Na outra extremidade da zona social, cozinha e sala de jantar conversam com harmonia. A cozinha contém eletrodomésticos embutidos e portas mimetizadas que prolongam o painel de madeira. Os puxadores em latão surgem como pequenas joias industriais. A bancada e a ilha central são em mármore Paraná, que combina leveza cromática e robustez. A ilha, ponto de encontro natural da casa, serve tanto refeições rápidas quanto conversas demoradas.


A sala de jantar apresenta a mesa Round, da Folio Living, acompanhada pelas cadeiras Curva, de Zanini de Zanine. Um pendente linear reforça a horizontalidade do espaço, iluminando a tela colorida de Daniel Mullen que cria tensão cromática com a base neutra.
A subida para o mezanino é marcada por um ritmo vertical em placas de madeira, que funcionam também como brises e filtram a luz. À sua frente, um totem assinado por Philippe Starck sustenta a monumental edição SUMO, de Helmut Newton — verdadeira escultura editorial que afirma o olhar colecionador do morador.


No piso superior, a suíte evoca a sofisticação discreta de um boutique hotel. O pavimento em carvalho contrasta com as paredes cinza suave. A cabeceira grafite, com efeito flutuante, integra mesas laterais e desenha continuidade. A roupa de cama em branco e off-white acrescenta leveza; o tapete natural confere aconchego.

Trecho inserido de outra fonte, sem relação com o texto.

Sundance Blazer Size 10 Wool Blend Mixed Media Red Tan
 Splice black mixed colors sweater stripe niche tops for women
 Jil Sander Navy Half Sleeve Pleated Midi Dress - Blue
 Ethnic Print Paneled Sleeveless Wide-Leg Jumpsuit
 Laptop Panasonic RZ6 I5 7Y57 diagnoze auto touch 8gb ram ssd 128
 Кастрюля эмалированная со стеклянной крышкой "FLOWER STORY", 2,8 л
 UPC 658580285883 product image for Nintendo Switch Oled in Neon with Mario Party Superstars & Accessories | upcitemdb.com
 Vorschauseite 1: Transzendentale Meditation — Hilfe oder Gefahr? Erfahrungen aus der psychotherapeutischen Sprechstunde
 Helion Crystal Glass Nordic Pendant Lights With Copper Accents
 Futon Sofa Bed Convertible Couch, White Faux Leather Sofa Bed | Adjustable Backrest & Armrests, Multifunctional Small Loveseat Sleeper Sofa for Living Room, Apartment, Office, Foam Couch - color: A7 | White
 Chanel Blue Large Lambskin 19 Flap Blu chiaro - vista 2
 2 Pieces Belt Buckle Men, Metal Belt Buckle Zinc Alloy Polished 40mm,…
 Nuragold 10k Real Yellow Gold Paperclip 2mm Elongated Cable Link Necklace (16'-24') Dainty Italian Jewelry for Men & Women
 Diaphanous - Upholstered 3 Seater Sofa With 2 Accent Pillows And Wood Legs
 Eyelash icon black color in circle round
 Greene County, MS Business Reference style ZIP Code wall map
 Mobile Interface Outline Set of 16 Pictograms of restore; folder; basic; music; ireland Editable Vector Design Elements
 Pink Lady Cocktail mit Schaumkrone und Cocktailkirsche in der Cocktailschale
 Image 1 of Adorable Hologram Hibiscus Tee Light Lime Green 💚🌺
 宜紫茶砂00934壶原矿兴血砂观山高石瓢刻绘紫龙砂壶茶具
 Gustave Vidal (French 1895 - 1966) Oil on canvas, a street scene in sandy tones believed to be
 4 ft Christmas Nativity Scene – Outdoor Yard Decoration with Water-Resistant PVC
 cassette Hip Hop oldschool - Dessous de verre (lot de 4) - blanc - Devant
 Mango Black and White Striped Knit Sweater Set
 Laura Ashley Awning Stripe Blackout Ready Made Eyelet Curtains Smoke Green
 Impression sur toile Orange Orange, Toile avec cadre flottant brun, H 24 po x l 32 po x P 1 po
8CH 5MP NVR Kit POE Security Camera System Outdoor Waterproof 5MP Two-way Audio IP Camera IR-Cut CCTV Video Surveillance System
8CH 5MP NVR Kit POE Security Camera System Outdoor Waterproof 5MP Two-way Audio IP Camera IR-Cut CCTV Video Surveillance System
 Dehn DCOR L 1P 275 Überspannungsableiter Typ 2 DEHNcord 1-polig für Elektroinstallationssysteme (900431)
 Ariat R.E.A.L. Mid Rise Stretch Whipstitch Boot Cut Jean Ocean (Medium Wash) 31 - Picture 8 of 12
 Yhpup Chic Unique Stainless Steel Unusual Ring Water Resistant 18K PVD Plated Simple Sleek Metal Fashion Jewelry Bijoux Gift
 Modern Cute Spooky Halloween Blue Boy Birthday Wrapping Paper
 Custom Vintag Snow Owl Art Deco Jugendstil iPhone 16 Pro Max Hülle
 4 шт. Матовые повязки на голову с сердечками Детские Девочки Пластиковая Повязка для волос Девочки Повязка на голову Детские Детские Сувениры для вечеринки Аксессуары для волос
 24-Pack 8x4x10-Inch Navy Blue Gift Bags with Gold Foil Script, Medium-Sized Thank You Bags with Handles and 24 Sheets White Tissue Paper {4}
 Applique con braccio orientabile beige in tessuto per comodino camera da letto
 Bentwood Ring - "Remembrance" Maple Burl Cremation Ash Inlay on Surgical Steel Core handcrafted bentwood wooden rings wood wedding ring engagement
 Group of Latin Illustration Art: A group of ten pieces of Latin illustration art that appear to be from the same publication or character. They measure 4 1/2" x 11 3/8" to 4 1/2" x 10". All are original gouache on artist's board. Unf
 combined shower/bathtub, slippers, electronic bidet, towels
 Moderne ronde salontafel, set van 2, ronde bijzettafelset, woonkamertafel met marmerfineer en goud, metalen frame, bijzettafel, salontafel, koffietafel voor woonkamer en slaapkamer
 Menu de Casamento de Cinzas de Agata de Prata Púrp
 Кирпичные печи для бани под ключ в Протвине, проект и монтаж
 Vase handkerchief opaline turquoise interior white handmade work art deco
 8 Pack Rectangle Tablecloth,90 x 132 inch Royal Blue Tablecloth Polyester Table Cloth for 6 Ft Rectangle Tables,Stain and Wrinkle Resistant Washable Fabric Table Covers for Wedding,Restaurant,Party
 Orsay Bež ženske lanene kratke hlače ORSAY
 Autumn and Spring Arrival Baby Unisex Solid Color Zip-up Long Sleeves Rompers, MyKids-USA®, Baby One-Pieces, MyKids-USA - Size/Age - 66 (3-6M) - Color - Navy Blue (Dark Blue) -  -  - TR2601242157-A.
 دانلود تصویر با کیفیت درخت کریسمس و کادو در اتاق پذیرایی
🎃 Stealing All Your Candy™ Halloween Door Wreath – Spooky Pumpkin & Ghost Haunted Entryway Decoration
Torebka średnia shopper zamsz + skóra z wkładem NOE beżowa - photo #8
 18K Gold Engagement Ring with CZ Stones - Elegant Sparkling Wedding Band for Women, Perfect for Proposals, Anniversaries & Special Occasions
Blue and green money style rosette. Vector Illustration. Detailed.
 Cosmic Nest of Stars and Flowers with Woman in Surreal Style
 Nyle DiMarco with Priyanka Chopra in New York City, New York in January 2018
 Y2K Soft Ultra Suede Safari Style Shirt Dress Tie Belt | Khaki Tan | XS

Um painel estrategicamente colocado redefine o acesso à casa de banho, que apresenta um layout simétrico, uma bancada em Carrara, iluminação difusa por lona tensionada e um duche inundado de luz natural filtrada. O closet aberto, em estrutura metálica grafite, é leve, funcional e desenhado para organizar sem pesar. No piso inferior, existem ainda dois quartos de hóspedes, acessíveis através de portas mimetizadas

O duplex materializa o modo de vida do seu proprietário: um homem moderno, essencialista, colecionador, que vive entre duas cidades e encontrou aqui um raro ponto de equilíbrio entre o urbano e o íntimo.